This morning I am sitting here waiting for my Doctor to call. I called his office earlier asking for an appointment, and I always feel so fortunate that he usually makes time for me so my wait is seldom more than a day or two at best, but most often the same day. I do understand how blessed I am to have that with my doctor.
But today I am having a conversation with him that I have put off for far too long. Partly this has happened because I forget when I am in my appointment and if I haven’t written it down it doesn’t get talked about, and secondly I think I have been trying to deal with it on my own, but I realize know that I am no longer able to. This is another piece of Dementia that people too often understand or know about, and with Vascular Dementia many don’t understand that it is very common part of Vascular Dementia. I am talking about issues with incontinence. Seems funny doesn’t one would wonder how and why that is such a common issue with vascular Dementia, but our brains are the control centre for all and when there is not adequate blood flow and Oxygen to the Organs it effects things like muscle control, which is needed to have proper control of body functions, all body functions. Every one thinks it’s just memory, it is so so much more and often so much of it we don’t talk about.
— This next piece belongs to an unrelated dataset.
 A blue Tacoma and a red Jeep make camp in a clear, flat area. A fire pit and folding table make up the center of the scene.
This is not a conversation I want to have know or ever, but the reality is it is effecting my quality of life so I can no longer put it off. Exercise and all the things I try to do to help make the incontinence less prevalent and did work for a time and at times I got total reprieve from the effects, although those periods of time are all but gone and those things I do have now stopped working so I need to bring my doctor into the fold. I don’t want medication, not sure if there is anything else we can do, but I will have the discussion, because my quality of life is more important to me than anything else, and I sup0se if medication can help with that then I will look at it. I like to have all the options then make a decision.
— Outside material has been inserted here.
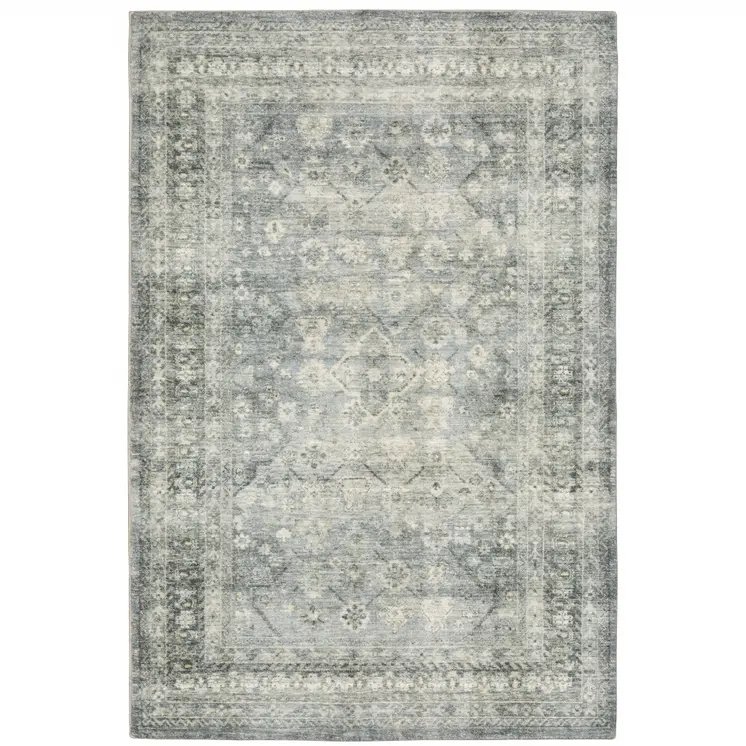 5' X 7' Blue Ivory And Grey Oriental Power Loom Stain Resistant Area Rug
At 62 years old these are not conversations we like to have, not with our doctors not with anyone. Most people are too upset and self conscious to discuss these things, they can erode our self confidence, our sense of how we see ourselves, but these are the real parts and pieces of Dementia, and they do impact a persons quality of life and we need to talk about those things, no matter how uncomfortable they may be. I am having many issues with muscles throughout my body, it’s why I am trying so hard with exercise and bike riding walking ect. I am trying to keep the blood flow as best I can, living with Dementia is hard work and getting harder all time. But I am grateful that my doctor listens and does everything he can to try to help me with my quest to maintain my quality of life.
So I’m sure he will do some homework after our chat and then help me come to some decisions on treatment and managing this piece, another indicator that although we look fine, changes are often happening that others don’t see.
I hope you all enjoy your day, I’m off to give my Fig plant an shower while I await the Doctors call.